• [Problem to work on] Output a character-exact copy of the data, images removed.

Pictures with short captions

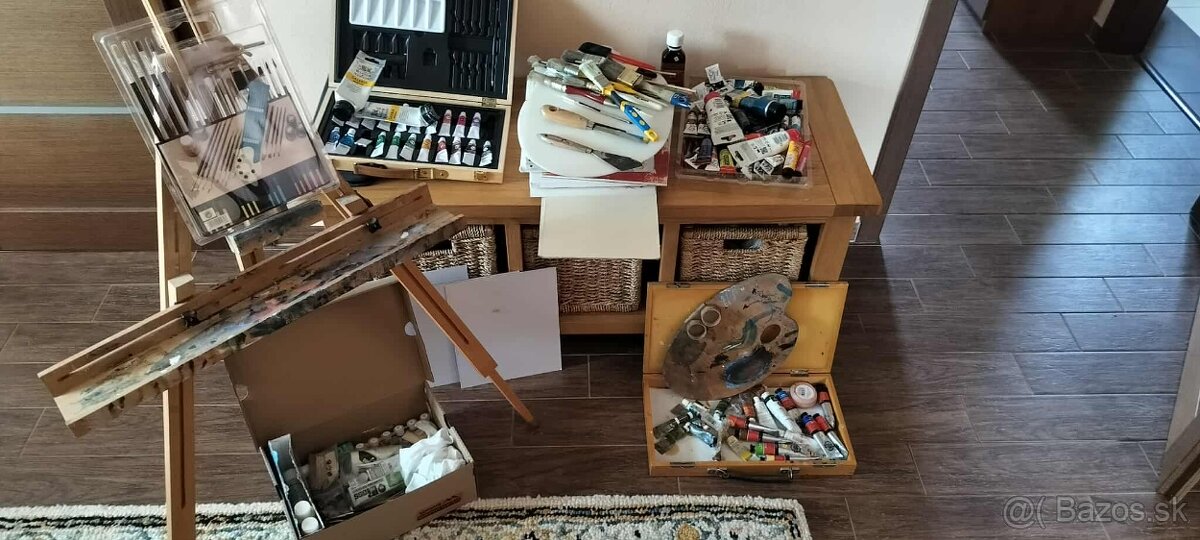 Kvalitný stojan na maľovanie vrátane štetcov a farieb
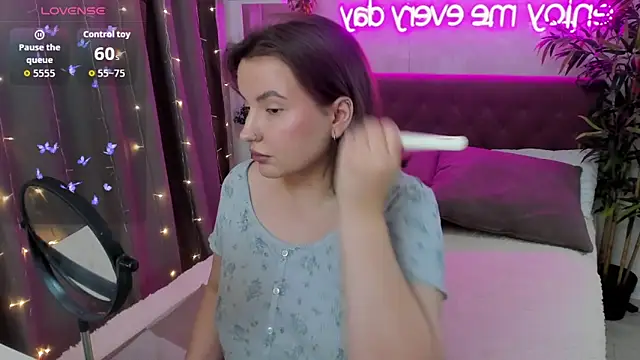 FeralPeach online show from October 10, 2025, 5:08 am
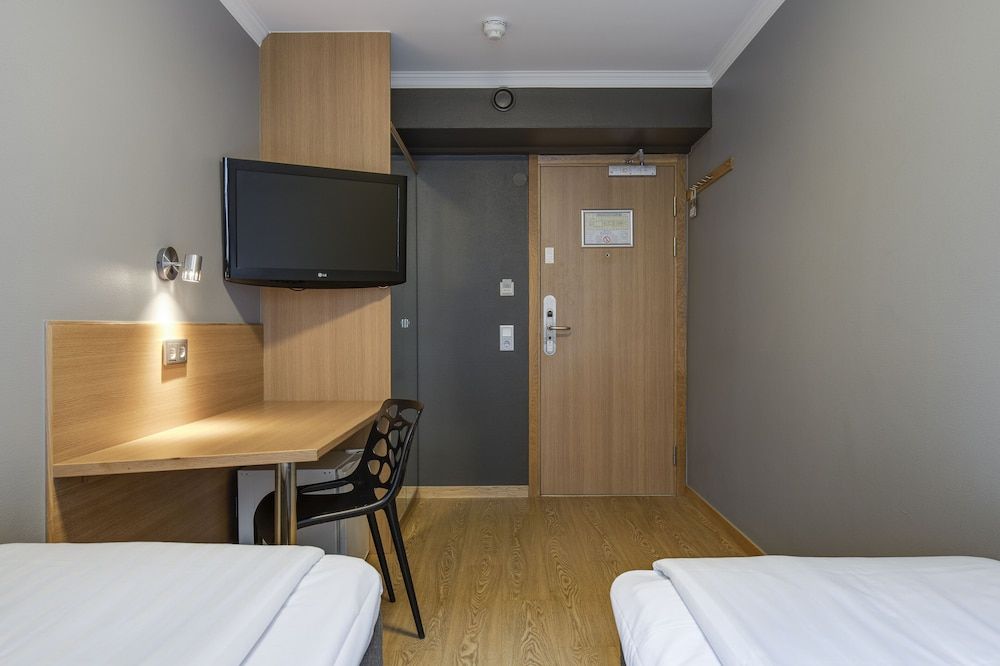 Goteborgs Mini-Hotel - Hostel Double or Twin Room, Shared Bathroom (Bed linen included) 4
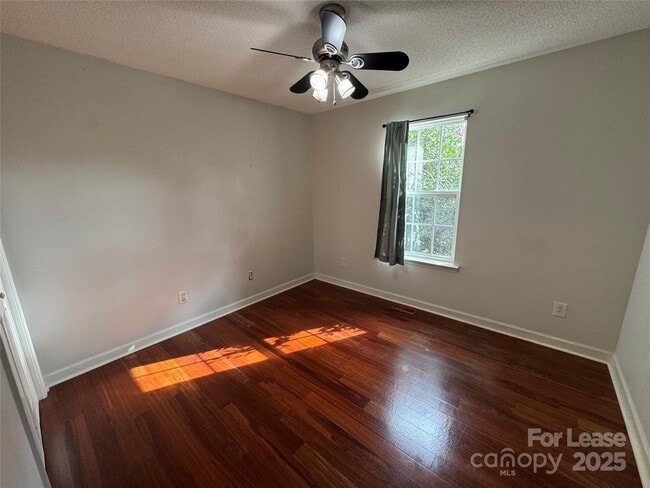Building Photo - 3802 Cassidy Dr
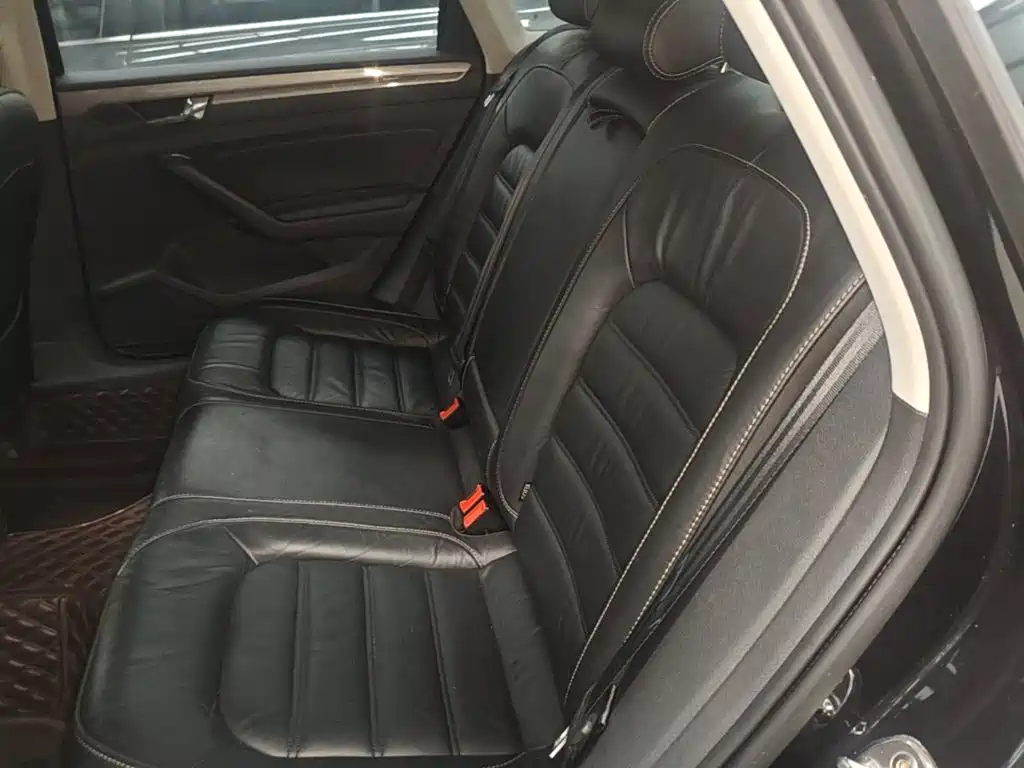 Volkswagen Passat 2018 — фото 17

• [Exercise solution]
 Kvalitný stojan na maľovanie vrátane štetcov a farieb
 FeralPeach online show from October 10, 2025, 5:08 am
 Goteborgs Mini-Hotel - Hostel Double or Twin Room, Shared Bathroom (Bed linen included) 4
Building Photo - 3802 Cassidy Dr
 Volkswagen Passat 2018 — фото 17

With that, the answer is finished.